## WORK TO BE COMPLETED
Copy exactly the stretch of lines from the one holding "45209 Saltz Road, Canton, MI 48187" through the last line of the data below, inclusive. Leave out pictures.

-- Opening Marker --

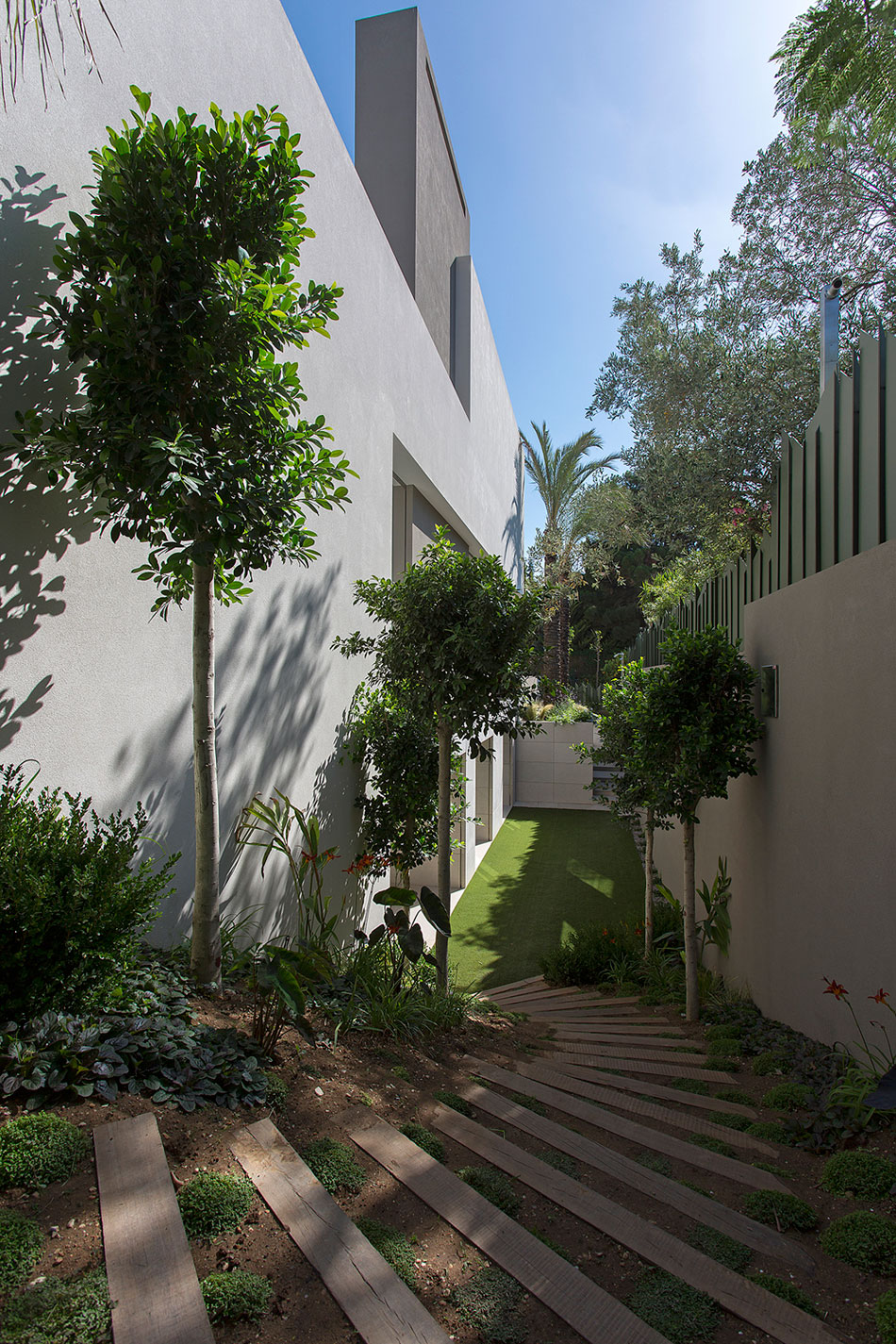 A Stylish Contemporary Home Drenched in Natural Light in Athens, Greece by Moustroufis Architects (4)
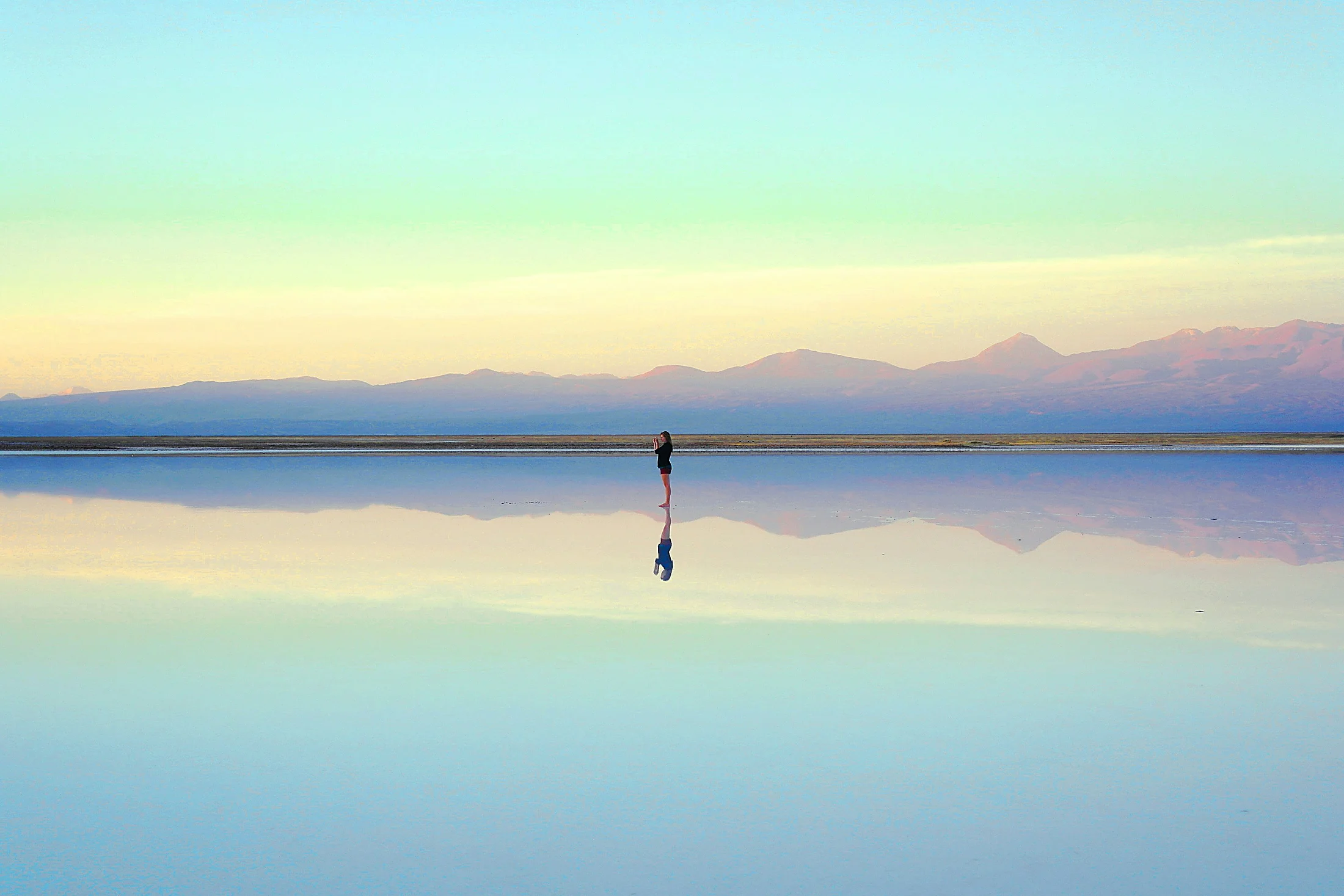 Still lake at dawn — mindful awareness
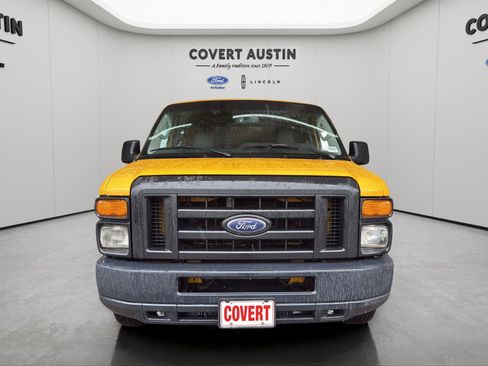 Used 2011 Ford E-150 and Econoline 150 w/ Commercial Cargo Van Pkg RWD image 4
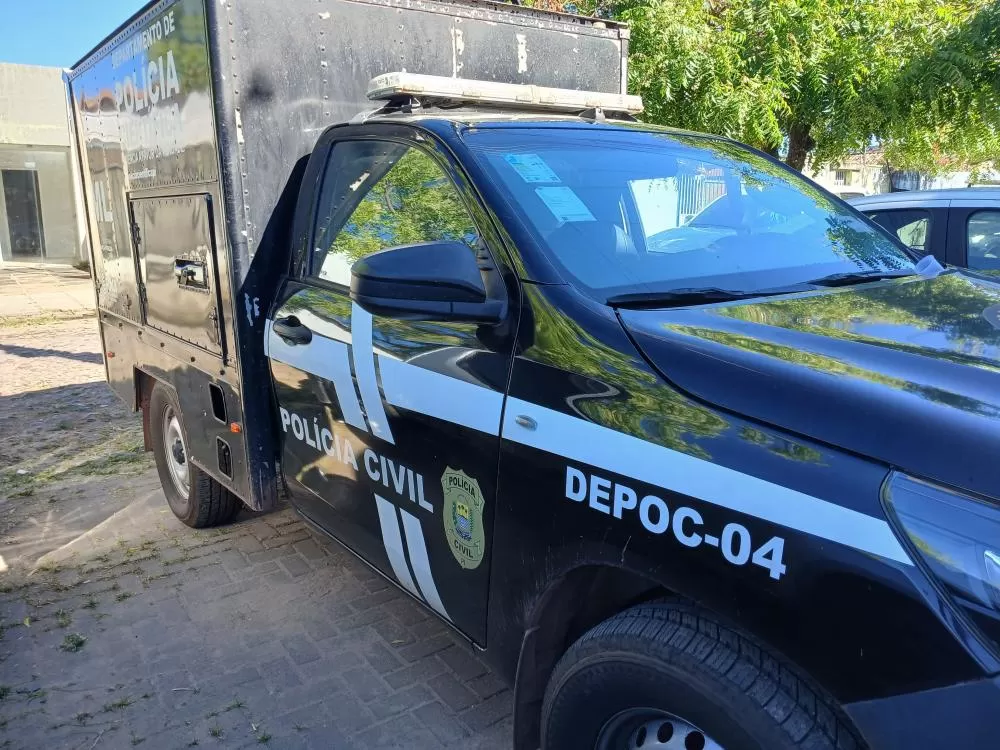 Homem é encontrado morto em calçada no centro de Piripiri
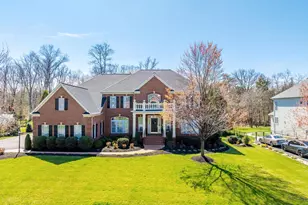 42679 Gulicks Landing Ct, Ashburn, VA 20148 - Photo 2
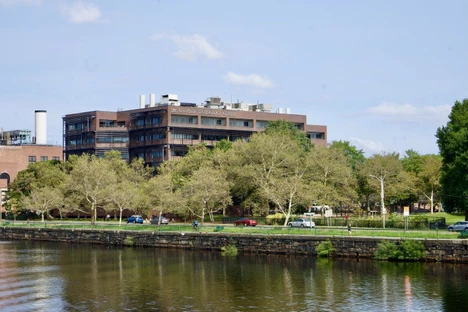 IOCB Prague expands overseas, opens a new branch in Boston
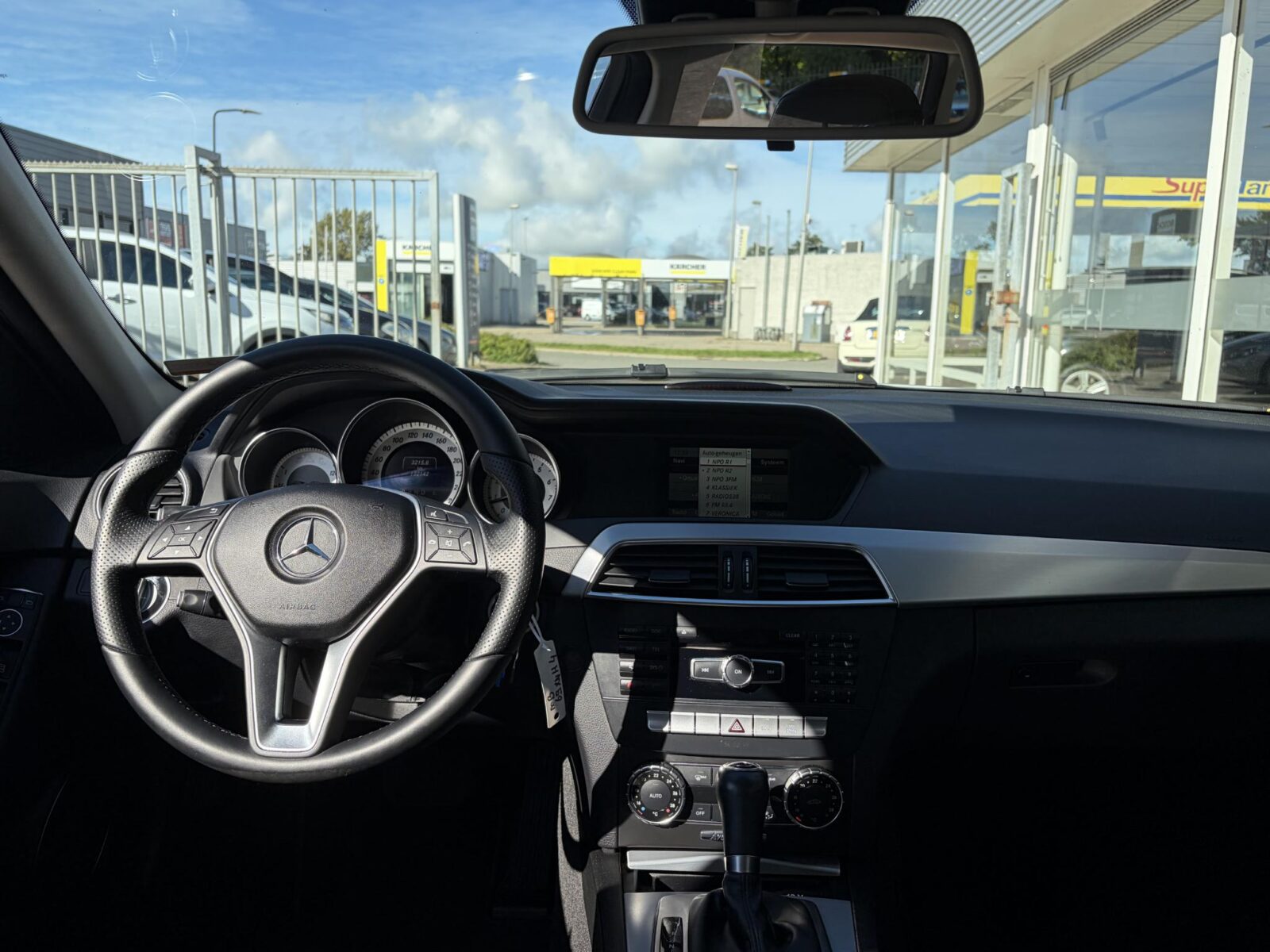 Mercedes-Benz C-Klasse - Foto 15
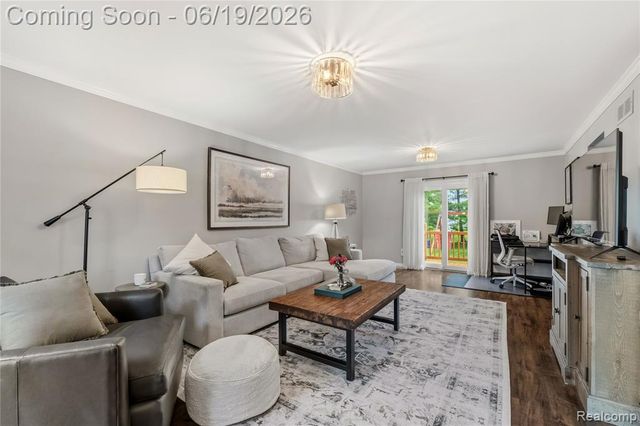45209 Saltz Road, Canton, MI 48187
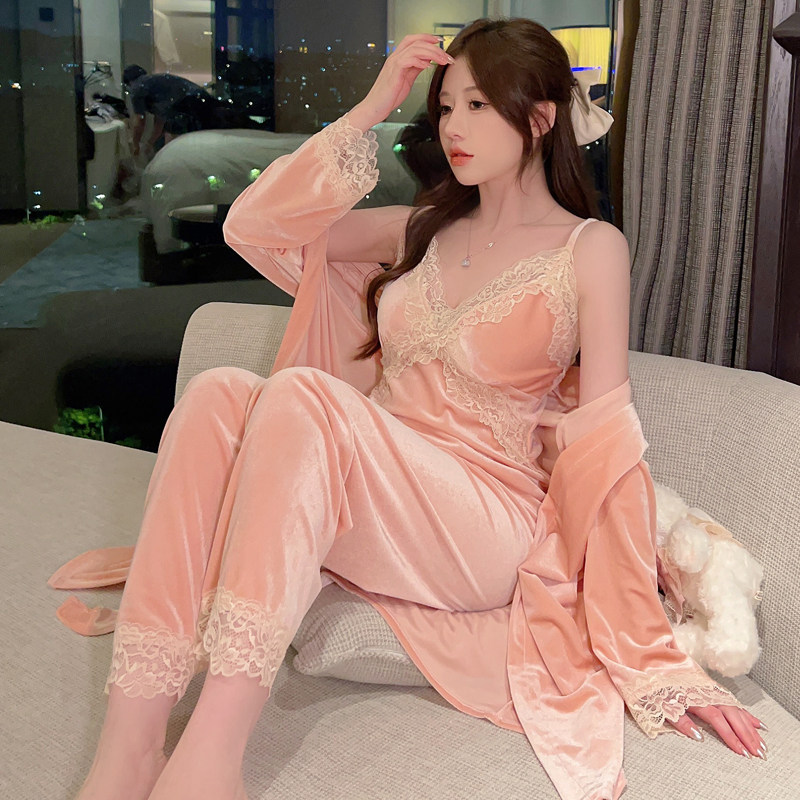 秋冬新品金丝绒睡衣女吊带胸垫长裤中长睡袍三件套装性感家居服粉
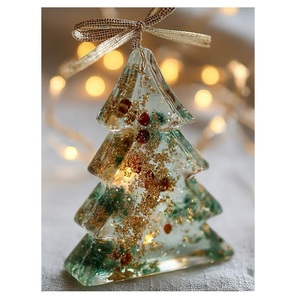 Ornement de Noël en résine scintillante rouge et or, flocon de neige, fait main, décoration suspendue pour arbre, décoration festive pour la maison - Product Image 2
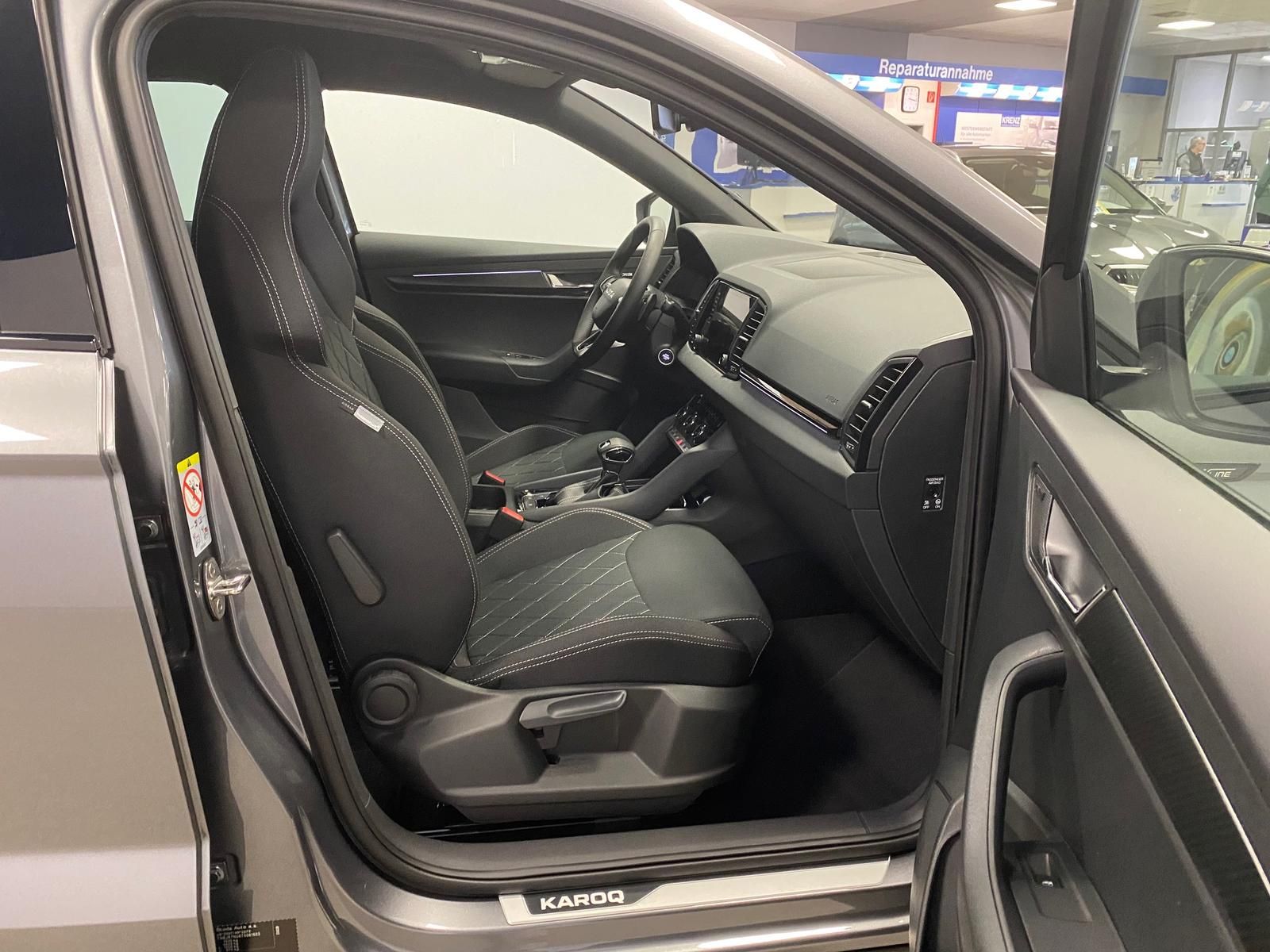 Fahrzeugabbildung SKODA Karoq 1.5 TSI SPORTLINE+5J GA+MATRIX+ACC+360+AHK
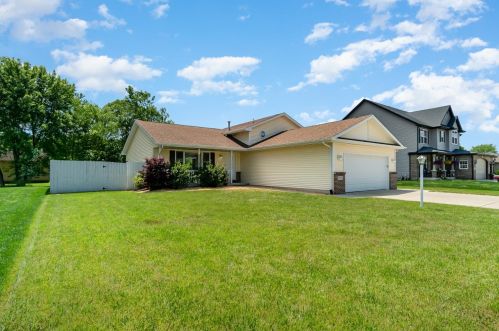 1901 Cooke St, Hobart, IN 46342-4554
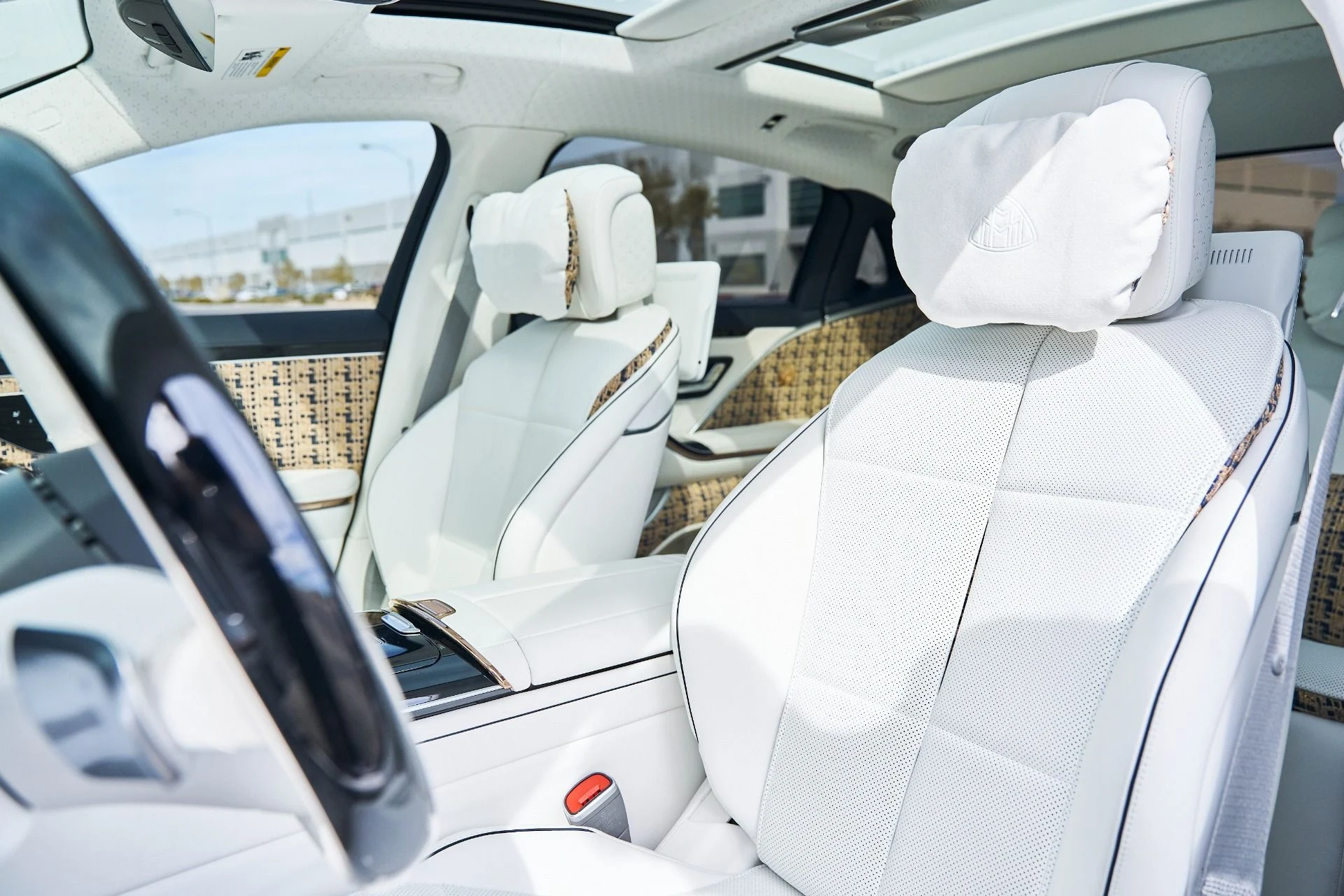 mph049_1016658514_Used_2023_Mercedes_Benz_S_Class_Maybach_S_680_1772678614_d25b71bfb4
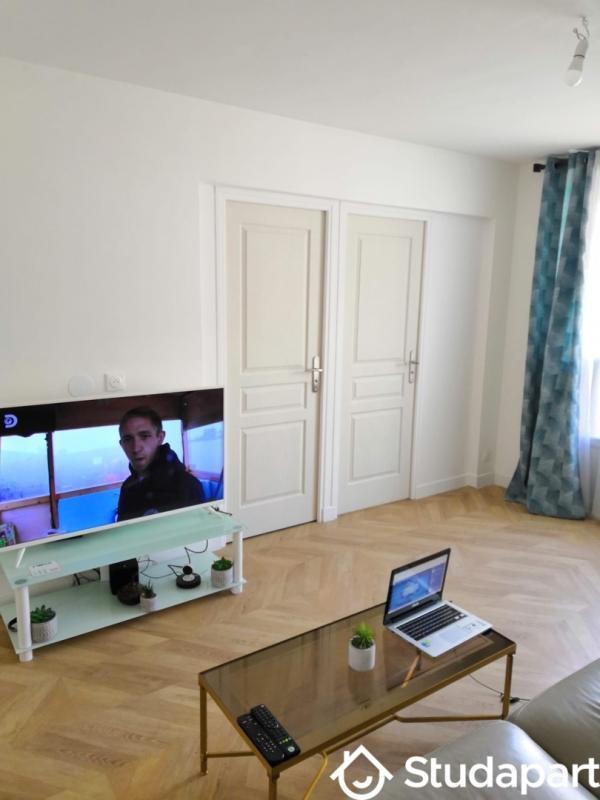 Chambre - 18 m² - 1 pièce
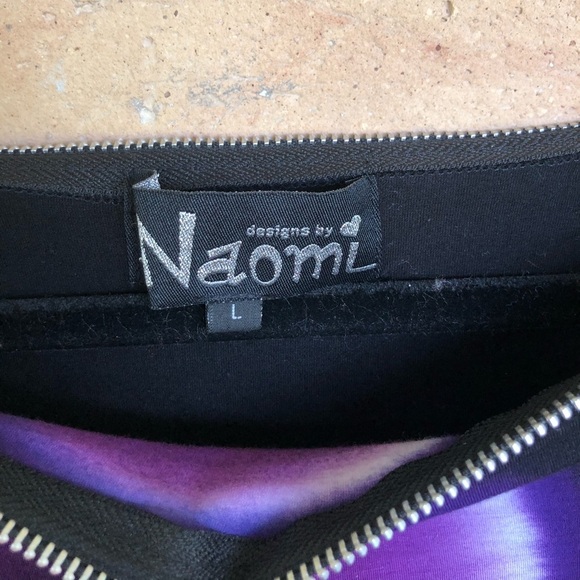 Design by Naomi Top - Picture 2 of 4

-- Closing Marker --

## YOUR SOLUTION
45209 Saltz Road, Canton, MI 48187
 秋冬新品金丝绒睡衣女吊带胸垫长裤中长睡袍三件套装性感家居服粉
 Ornement de Noël en résine scintillante rouge et or, flocon de neige, fait main, décoration suspendue pour arbre, décoration festive pour la maison - Product Image 2
 Fahrzeugabbildung SKODA Karoq 1.5 TSI SPORTLINE+5J GA+MATRIX+ACC+360+AHK
 1901 Cooke St, Hobart, IN 46342-4554
 mph049_1016658514_Used_2023_Mercedes_Benz_S_Class_Maybach_S_680_1772678614_d25b71bfb4
 Chambre - 18 m² - 1 pièce
 Design by Naomi Top - Picture 2 of 4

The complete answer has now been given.